Q: I don’t dig ultimatums, but what would you generally advise to a person that is monogamous, but has a partner that is not satisfying their sexual needs?

A:  The following all presumes that the relationship is pretty good to begin with. This is a big assumption — many relationships are shitty.

It’s pretty simple – you have to figure out how important it is for you to be satisfied in that way and weigh that in the full context of your life. If they’re seeking counseling BECAUSE of that, then odds are pretty good it’s a big fat hairy deal, and they’re really unhappy (since everyone’s busy enough that very few come to therapy for that final 5% self-actualization hurrah, although some do). Sometimes though, they’re perseverating on something that’s not a big deal (perfectionist patterns rather than true need), and things can resolve well with just a bit of reframing and putting the issue into context. People compromise all the time on stuff that’s not a huge deal.

But at that point, if they’ve decided that they can’t just let the desire go because it matters in a deep way, it’s best that they tell their partner if they haven’t already – typically there will be some practice/roleplaying on how to frame that as a preparatory measure for the tough conversations. Sometimes the partner actually comes in as part of a session (although this is risky, and many will feel ambushed and cornered by this) .
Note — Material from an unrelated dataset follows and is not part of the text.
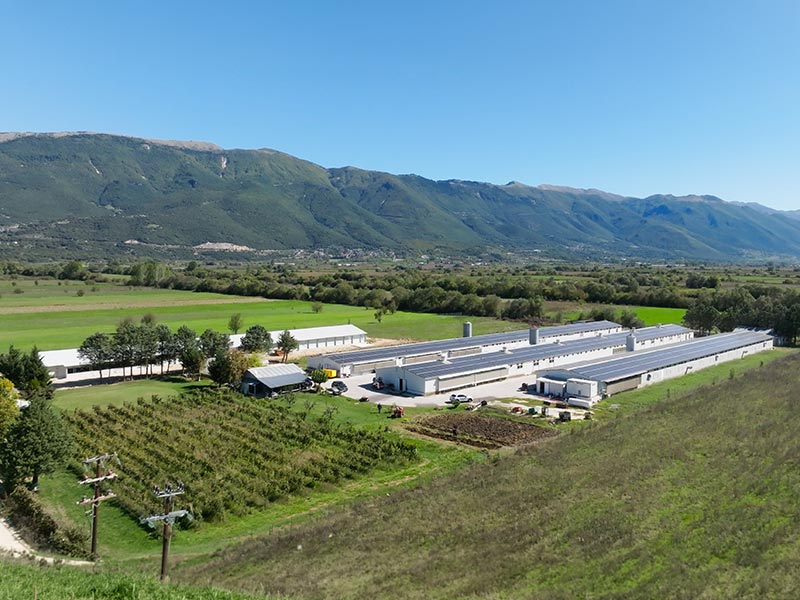 PINDOS - AGROTIKOS PTINOTROFIKOS SYNETAIRISMOS IOANNINON: Φωτογραφίες & Βίντεο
What’s important is that the conversation doesn’t start from an ultimatum place, a partner needs to be engaged in the issue, needs time to process. A lot of times, they WILL come from a place of defensiveness, and honestly, most of them will stick to their guns — there’s usually a reason they’re not doing whatever it is and often this is not easily changed. Actually, change shouldn’t even be the aim of the partner doing the informing — informing is the goal. If the partner is going to change, they have to want to change and be an active part of that process.

Something like non-monogamy is part of the negotiation phase — not part of the informing phase. You never open with the proposed solutions before your partner has a chance to digest the problem.

If they’re not down for it, ending the relationship is also an option. Honestly, I don’t think people should bring up gut-wrenching stuff that will turn things upside down unless they’re prepared for it to go that route. But starting out there? Starting at an ultimatum? You’re basically guaranteed to fail — psychological reactance kicks in when someone’s trying to force you into a corner.